W0612 04:34:17.078754 140433669838656 xla_bridge.py:265] No GPU/TPU found, falling back to CPU. (Set TF_CPP_MIN_LOG_LEVEL=0 and rerun for more info.)
Fatal Python error: Python memory allocator called without holding the GIL
Python runtime state: initialized
Current thread 0x00007fb943015740 (most recent call first):
File "/home/yicheng/projects/acme/venv/lib/python3.8/site-packages/reverb/server.py", line 228 in info
File "/home/yicheng/projects/acme/acme/jax/experiments/run_experiment.py", line 93 in _disable_insert_blocking
File "/home/yicheng/projects/acme/acme/jax/experiments/run_experiment.py", line 136 in <listcomp>
File "/home/yicheng/projects/acme/acme/jax/experiments/run_experiment.py", line 136 in run_experiment
File "run_sac.py", line 82 in main
File "/home/yicheng/projects/acme/venv/lib/python3.8/site-packages/absl/app.py", line 258 in _run_main
File "/home/yicheng/projects/acme/venv/lib/python3.8/site-packages/absl/app.py", line 312 in run
File "run_sac.py", line 89 in <module>
zsh: abort (core dumped) python run_sac.py --env_name control:cheetah:run
I have created a fix to this issue.
Thanks for the great investigation of the problem and a fix. Your Pull requests is now merged in Reverb, while I have another change to the run_experiment.py in flight, which eliminates the use of Table's info (it should run faster).

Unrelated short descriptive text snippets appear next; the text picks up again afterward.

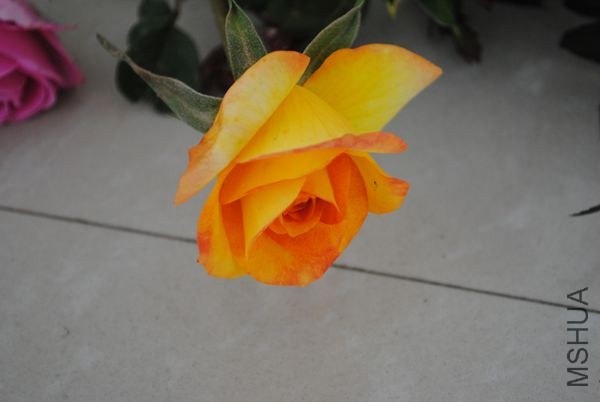 DSC_0030.JPG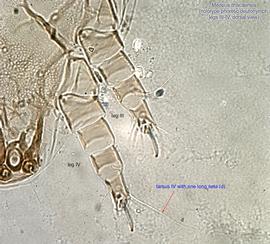  Fig. 7.  Medeus ithacaensis  holotype phoretic deutonymph legs III-IV, dorsal view. 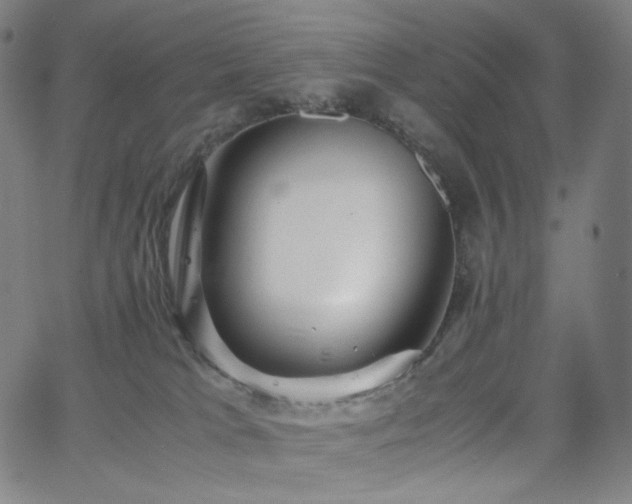 X0000063460037200601201257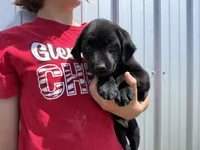 AKC PINK COLLAR BLACK FEMALE, a female Labrador Retriever for sale in Cleburne, TX – 3 of 6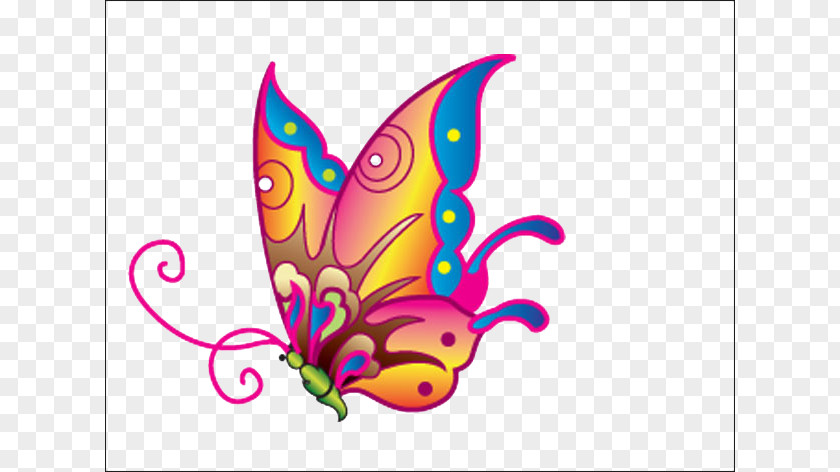 Color Wizard Butterfly Pattern PNG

Sounds good. Eliminating table.info all together would be nice, right now in order to pick up my fix I have to build launchpad and reverb by myself, and I think launchpad nightly has not been built lately.
I manage to avoid blocking by setting a smaller value for the max in flight samples in https://github.com/deepmind/acme/issues/233 but now I get a new error segmentation fault error.
https://github.com/deepmind/acme/issues/233
Looks like the issue comes from https://github.com/deepmind/acme/blob/2871e3216d2ffc2bc0ffea8b6a0e3071897608b9/acme/agents/agent.py#L105-L108. When deserializing the protobuf string from the internal table, a segmentation fault happened. I can occasionally get an error saying that 'INVALID_ARGUMENT: Python buffer protocol is only defined for CPU buffers' but I haven't been able to consistently reproduce that.